Sunday 18 November 2012

In Praise of the Cairngorms

Cairn Toul, The Cairngorms, May 1, 2012   

The Cairngorms were the first mountains I visited in Scotland and I was over-awed by the wild landscape, which was on a far greater scale than anywhere I had seen before. I’ve lived in the area for over 23 years now and the Cairngorms are my local hills. My feelings haven’t changed with familiarity though. This really is a special place.

The importance of this exceptional landscape was recognised by the Scottish Government when it created the Cairngorms National Park in 2003 (criminally late – it should have been done decades before but until there was a Scottish Parliament the landowners of the House of Lords in London prevented any national parks in Scotland). Now National Geographic magazine has included the Cairngorms in its list of 50 of the World’s Last Great Places, the only British entry. National Geographic says “there are fewer and fewer parts of the earth that remain untrammelled, where beauty reigns … our spirits are refreshed by such pristine locations as the Cairngorms”.

That the Cairngorms are worthy of such praise will not be news to those familiar with the area. Hopefully this international coverage will encourage people to visit the area and to realise that it still needs protecting and that this means the area round the national park as well as the park itself.

This winter I am hoping to make a film about the Cairngorms in winter with Terry Abraham (see box on the right), which will show the magnificent landscape in all its glory.
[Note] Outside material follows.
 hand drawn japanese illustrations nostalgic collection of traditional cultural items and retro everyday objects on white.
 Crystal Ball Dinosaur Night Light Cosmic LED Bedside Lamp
In the meantime those unfamiliar with the Cairngorms will find various photographs scattered throughout my blog. I also have a photo book, A Year In The Life Of The Cairngorms, that gives a good impression of the area (and which has come second in two competitions this autumn).


  1. It's good indeed of National Geographic to list the Cairngorms as one of the 50 last great places in the world. Let's hope that will have an impact on the Allt Duine decision.

    I'm not quite sure how creating the Cairngorms National Park has helped though. Unless I'm getting things wrong, the Park is fully supporting the new town at Coylumbridge, all 1,500 homes of them!

    I've read the environmental statement and on the light pollution issue alone it is clear the development will mean we can forget about dark skies when you're camping on any of the summits. A strange way indeed to protect one of the last wild places...

    The other puzzling thing is that they are building this huge new town (presumably to accommodate pensioners from England...) right on the doorstep of one of the last strongholds of the wildcat. Will they forbid any resident to keep domestic cats?

  2. I think the Cairngorms National Park has helped with conservation, though of course it's not perfect and I agree the new town proposal is disgraceful. The Park Authority has rejected some housing plans though - I think there would be even more new housing without the park. The Park Authority also has a policy of no wind farms in the park - again I am sure some would have been proposed without the park - and has objected to the Allt Duine wind farm and other wind farms near the park on the basis that they will damage the park. Without the park I think we would be fighting more wind farm proposals and some would be in the park area.

  3. What's the rationale driving such a large development? I've looked at some of the online information and it doesn't look like an affordable homes for local people type of proposal.

  4. Myself and my little bunch of happy campers are thinking about taking a trip across the boarder next Sept to celebrate one of the guys 40th birthdays with a 2 night wild camp and hike in either Glencoe or the Cairngorms. Hoping for some truly unforgetable scenery and it seems almost criminal not to visit such amazing looking places when they are only a few hrs drive away. We don't know the area that well and our usual stomping ground is the Peak District NP and The Lakes.

    Could you recommend any routes we could take a look at. Much appreciated

  5. If you're coming to the Cairngorms you could camp in Glen Affric or, if the weather is fine, on the Cairngorm Plateau or the Moine Mhor. If you want to climb some peaks for a first visit I suggest Ben Macdui, Sgor Gaoith or Braeriach.